JEST tries to solve the problem of curating training datasets; that is, filtering the dataset to choose the specific examples that will be most effective in training a model. However, because manually curating datasets is time-consuming, JEST automates the process by using a pre-trained reference model to select the best batches of samples based on their learnability score, which combines the loss from both the reference model and the learner model being trained. The goal is to find batches that have a high loss for the learner but a low one for the reference, which means that the data is both "unlearned and learnable." According to Google,
[W]e find that central to the performance of our framework is the ability to steer the curation process towards the distribution of smaller, well-curated datasets...Crucially, we find this process [enables] strong data quality bootstrapping: a reference model trained on a small curated dataset can effectively guide the curation of a much larger dataset, allowing the training of a model which strongly surpasses the quality of the reference model on many downstream tasks.
JEST is applied during the training process. Given a large super-batch of training data, JEST selects chunks or sub-batches based iteratively by calculating their joint learnability conditioned on the sub-batches previously sampled. The research team found that this improves the quality of the batches, similar to the concept of hard negatives.
Because the learnability score is computed online during training, it imposes some additional compute cost. To address this, JEST uses model approximation for efficient scoring; for example, the vision component of the reference model can drop layers or image patches. The researchers also improved efficiency by training the learner at different image resolutions.
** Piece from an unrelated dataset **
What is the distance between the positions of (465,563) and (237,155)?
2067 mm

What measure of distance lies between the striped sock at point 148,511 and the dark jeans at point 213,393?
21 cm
The DeepMind team ran several experiments to evaluate JEST. They first trained an image-text reference model on a curated dataset based on the Web Language Image (WebLI) dataset. They trained learner models using both JEST and compared to models trained using a baseline uniform batch selection. Models trained using JEST achieved the same benchmark performance as baseline models, while requiring 10x fewer training FLOPS.
In a discussion on Hacker News, several users praised DeepMind's work. One wrote:
So the paper itself is pretty significant, I think, from looking at it. The general methodology seems to be: train small model as a discriminatory scoring model on very high quality data...This turns out to be significant FLOPs and quality win, even counting for the initial model training and scoring part of it...As always, appreciate the publishing from DeepMind - this looks like great work.
Another user pointed out that JEST was similar to another method called Cappy, which also uses a "pretrained small scorer." Other related techniques include RHO-LOSS, which inspired JEST and is open-source. Google has not open-sourced JEST.